YOUR TASK ->
Would you retype every line below without changing anything?

DATA FOR PROCESSING ->
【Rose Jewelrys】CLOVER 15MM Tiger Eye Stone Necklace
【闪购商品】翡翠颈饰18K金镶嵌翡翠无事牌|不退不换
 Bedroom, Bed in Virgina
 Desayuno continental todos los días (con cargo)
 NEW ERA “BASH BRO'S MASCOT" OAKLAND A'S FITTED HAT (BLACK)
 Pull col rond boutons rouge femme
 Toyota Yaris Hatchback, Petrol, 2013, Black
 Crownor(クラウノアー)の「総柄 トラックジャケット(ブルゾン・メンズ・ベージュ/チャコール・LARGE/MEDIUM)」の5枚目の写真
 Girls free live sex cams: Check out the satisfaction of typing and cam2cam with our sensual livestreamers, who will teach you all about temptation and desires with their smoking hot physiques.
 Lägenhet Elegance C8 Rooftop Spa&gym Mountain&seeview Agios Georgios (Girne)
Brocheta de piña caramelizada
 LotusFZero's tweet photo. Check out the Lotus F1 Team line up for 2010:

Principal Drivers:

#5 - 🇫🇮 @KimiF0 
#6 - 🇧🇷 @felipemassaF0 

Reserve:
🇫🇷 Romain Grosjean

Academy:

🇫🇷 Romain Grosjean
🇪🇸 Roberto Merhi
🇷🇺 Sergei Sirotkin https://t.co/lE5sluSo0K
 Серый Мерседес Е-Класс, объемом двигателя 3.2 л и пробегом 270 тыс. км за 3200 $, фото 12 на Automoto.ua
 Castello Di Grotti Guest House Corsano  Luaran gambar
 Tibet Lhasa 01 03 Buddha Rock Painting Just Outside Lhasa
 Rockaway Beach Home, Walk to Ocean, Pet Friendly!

RESPONSE ->
【Rose Jewelrys】CLOVER 15MM Tiger Eye Stone Necklace
【闪购商品】翡翠颈饰18K金镶嵌翡翠无事牌|不退不换
 Bedroom, Bed in Virgina
 Desayuno continental todos los días (con cargo)
 NEW ERA “BASH BRO'S MASCOT" OAKLAND A'S FITTED HAT (BLACK)
 Pull col rond boutons rouge femme
 Toyota Yaris Hatchback, Petrol, 2013, Black
 Crownor(クラウノアー)の「総柄 トラックジャケット(ブルゾン・メンズ・ベージュ/チャコール・LARGE/MEDIUM)」の5枚目の写真
 Girls free live sex cams: Check out the satisfaction of typing and cam2cam with our sensual livestreamers, who will teach you all about temptation and desires with their smoking hot physiques.
 Lägenhet Elegance C8 Rooftop Spa&gym Mountain&seeview Agios Georgios (Girne)
Brocheta de piña caramelizada
 LotusFZero's tweet photo. Check out the Lotus F1 Team line up for 2010:

Principal Drivers:

#5 - 🇫🇮 @KimiF0 
#6 - 🇧🇷 @felipemassaF0 

Reserve:
🇫🇷 Romain Grosjean

Academy:

🇫🇷 Romain Grosjean
🇪🇸 Roberto Merhi
🇷🇺 Sergei Sirotkin https://t.co/lE5sluSo0K
 Серый Мерседес Е-Класс, объемом двигателя 3.2 л и пробегом 270 тыс. км за 3200 $, фото 12 на Automoto.ua
 Castello Di Grotti Guest House Corsano  Luaran gambar
 Tibet Lhasa 01 03 Buddha Rock Painting Just Outside Lhasa
 Rockaway Beach Home, Walk to Ocean, Pet Friendly!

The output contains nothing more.